Ian Kershaw 70: Chronist der dunkelsten Jahre
Ian Kershaw entzauberte den Hitler-Mythos und untersuchte die Mentalität der Deutschen, "die dem Führer entgegenarbeiten wollten": Zum 70. Geburtstag des britischen Historikers.
Nazizeit und Zweiter Weltkrieg, das hat kürzlich erst die breite Diskussion über den Fernsehdreiteiler „Unsere Mütter, unsere Väter“ bestätigt, lasten unverändert schwer auf dem deutschen Kollektivbewusstsein. Davon ist auch die historische Wissenschaft berührt. Wohl auch daran liegt es, dass der englische Historiker Ian Kershaw hierzulande nicht nur Erfolg mit seinen zahlreichen Büchern zu dem düsteren Zeitraum von 1933 bis 1945 hat, sondern auch als neutraler Gesprächspartner überaus gefragt ist. Und natürlich liegt es daran, dass Kershaw hervorragend schreiben kann, uneitel, unaufgeregt, stets auf den Punkt kommend, aber nie besserwisserisch oder bevormundend.
Ursprünglich von der Mittelaltergeschichte her kommend, hat er sich seit den 1970er Jahren der Nazizeit zugewandt. Mit einem Schlag bekannt wurde er durch seine Hitler-Biografie, die in zwei Bänden 1998 und 2000 erschien, in der deutschen Ausgabe 2300 Buchseiten stark und doch kein bisschen weitschweifig. Detailversessen gewiss, weil nur aus der Auswertung aller überhaupt denkbaren Quellen jene Analyse zu gewinnen war, die Kershaws Biografie über die bis dahin gängigen Biografien hinaushebt.

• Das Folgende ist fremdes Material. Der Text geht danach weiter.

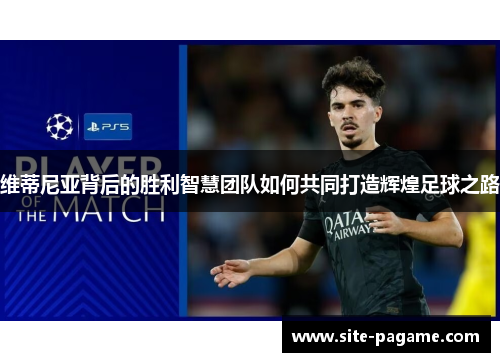 维蒂尼亚背后的胜利智慧团队如何共同打造辉煌足球之路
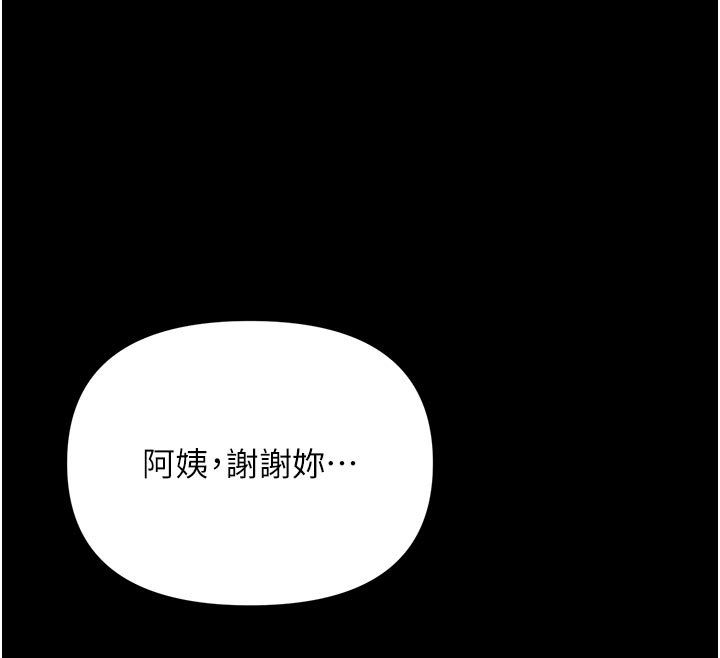 幼惑 - 第3话-我帮新妈妈洗澡了 - page 163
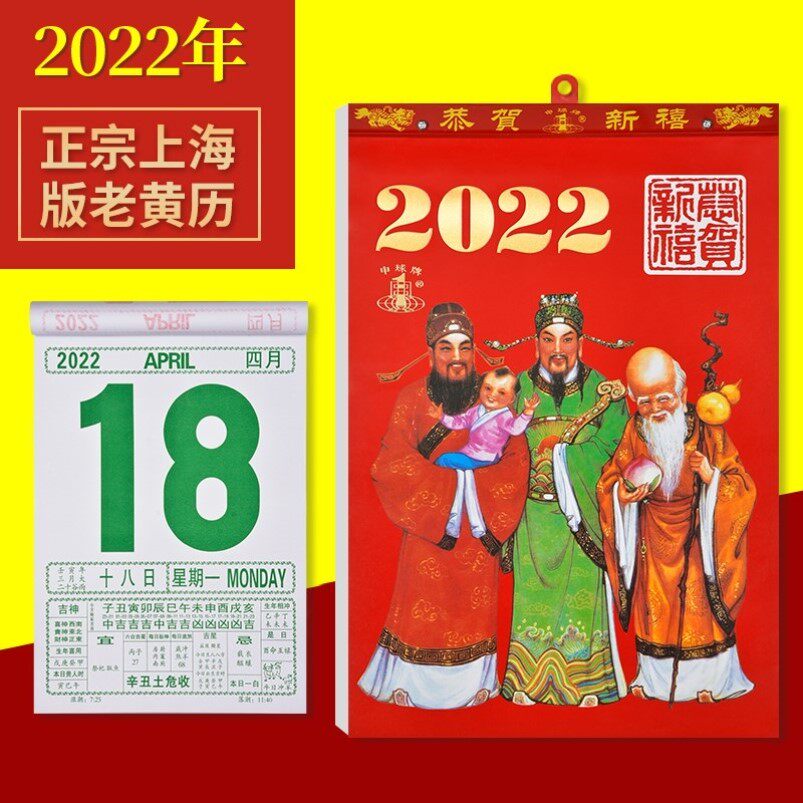 万年历2022年新款2022新款手撕挂历黄历大号择宜忌虎年运程嫁娶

Der knapp zwei Jahrzehnte bis zur Emeritierung 2008 in Sheffield lehrende Historiker – seit 2002 Sir Ian – zeichnet ein ambivalentes Bild Hitlers, den er einerseits als Schlüsselfigur der NS-Verbrechen begreift wie vor ihm Joachim Fest, andererseits als charismatischen Führer im Sinne Max Webers, der den Stimmungen in der Bevölkerung eine Stimme verleiht. Einer Bevölkerung, die „dem Führer entgegenarbeiten“ wollte, wie Kershaws Schlüsselwort für die Haltung der Deutschen lautet. Erst 1999 kam, im Gefolge der Biografie, Kershaws bereits 1987 publizierte Studie über den „Hitler-Mythos“ in deutscher Übersetzung heraus, die die seinerzeit noch weit verbreitete Legende vom Volk, das allein das Opfer nationalsozialistischer Propaganda gewesen sei, korrigiert.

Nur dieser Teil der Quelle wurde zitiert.